As the opposition parties work out their strategies for the Lok Sabha polls, the BJP said the Congress and its President Rahul Gandhi are not acceptable as a pivot to many parties outside the party-led NDA and dubbed the "so-called" opposition unity against the saffron party as a "bogus claim."

"That the so-called Opposition unity against the BJP is a bogus claim is evident from the multiple fronts being forged by non-NDA parties," the BJP spokesperson G V L Narasimha Rao told PTI in Hyderabad.

Rao was responding to a question on Rao's stepped-up efforts to forge a non-Congress, non-BJP front of regional parties.

"The efforts of TRS chief KCR (Chandrasekhar Rao) and the apparent interest of some regional parties shows that the Congress and its President Rahul Gandhi are not acceptable as a pivot to many parties outside the NDA," Rao said.

"The BJP will highlight in campaigns that these ragtag coalitions are a threat to stability and development and are driven by personal agendas."
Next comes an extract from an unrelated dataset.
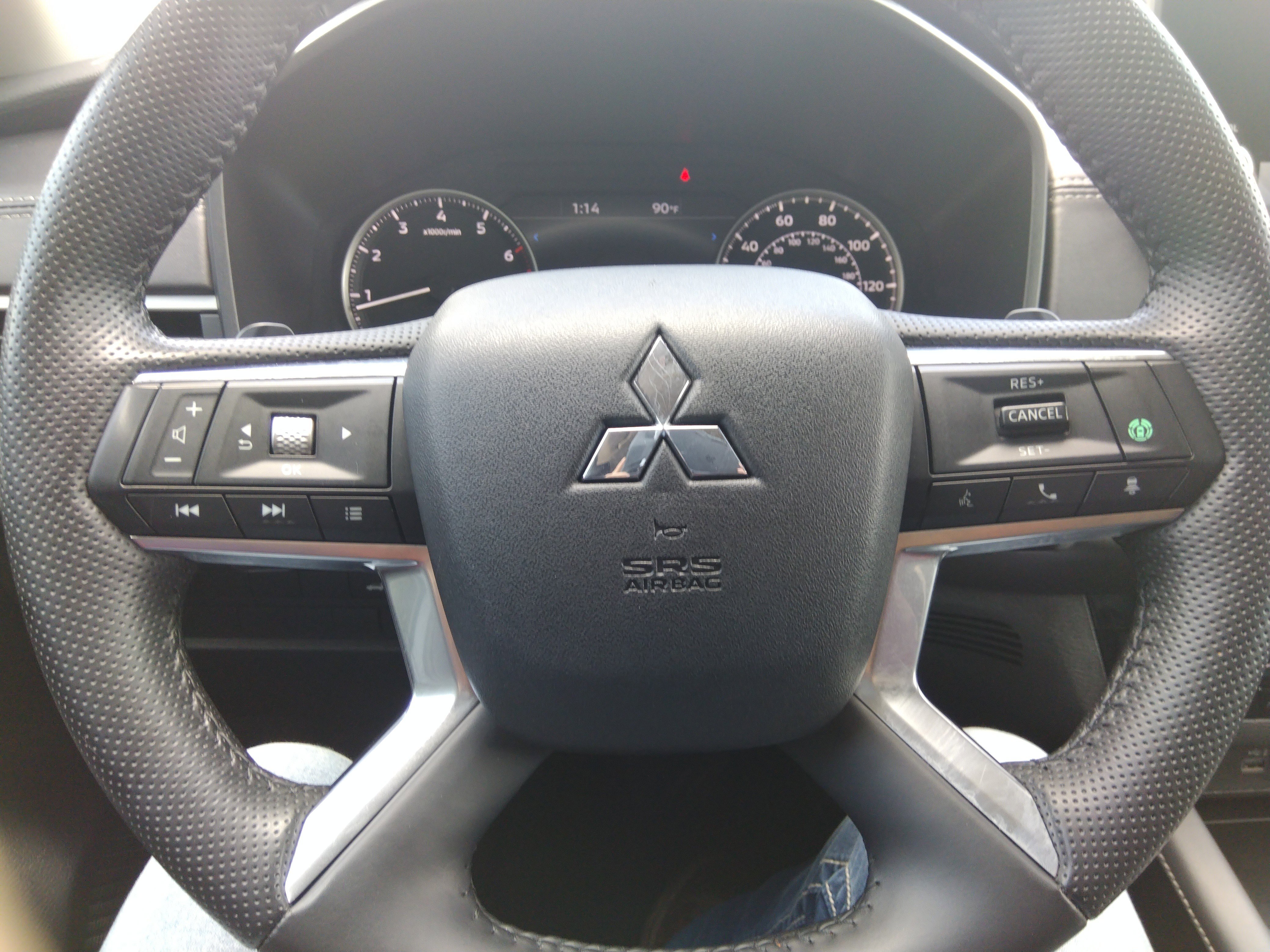 Vehicle image 16 of 25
From the anti-BJP bloc, while some leaders like Telugu Desam Party chief and Andhra Pradesh chief minister N Chandrababu Naidu and Dravida Munnetra Kazhagam's M K Stalin are trying to forge a broad coalition that includes Congress, others like Rao and Banerjee are strong votaries of a Federal front of regional parties.

Banerjee has also planned a grand rally of opposition parties in Kolkata on January 19. West Bengal accounts for 42 Lok Sabha seats.

Stalin's "Rahul-for-PM" proposal recently was not taken kindly by the TMC and other parties who advocated that leadership issue of the opposition camp should be decided after the Parliamentary polls.

After meeting Patnaik, Rao emphasised a "dire need" for unification of regional parties to provide an alternative to the Congress and the BJP.

Both the chief ministers had a detailed discussion on national issues, including the need for "better friendship among regional parties", Patnaik said.

"This is just the beginning of a dialogue... We will meet again and discuss how to take things forward," Rao said.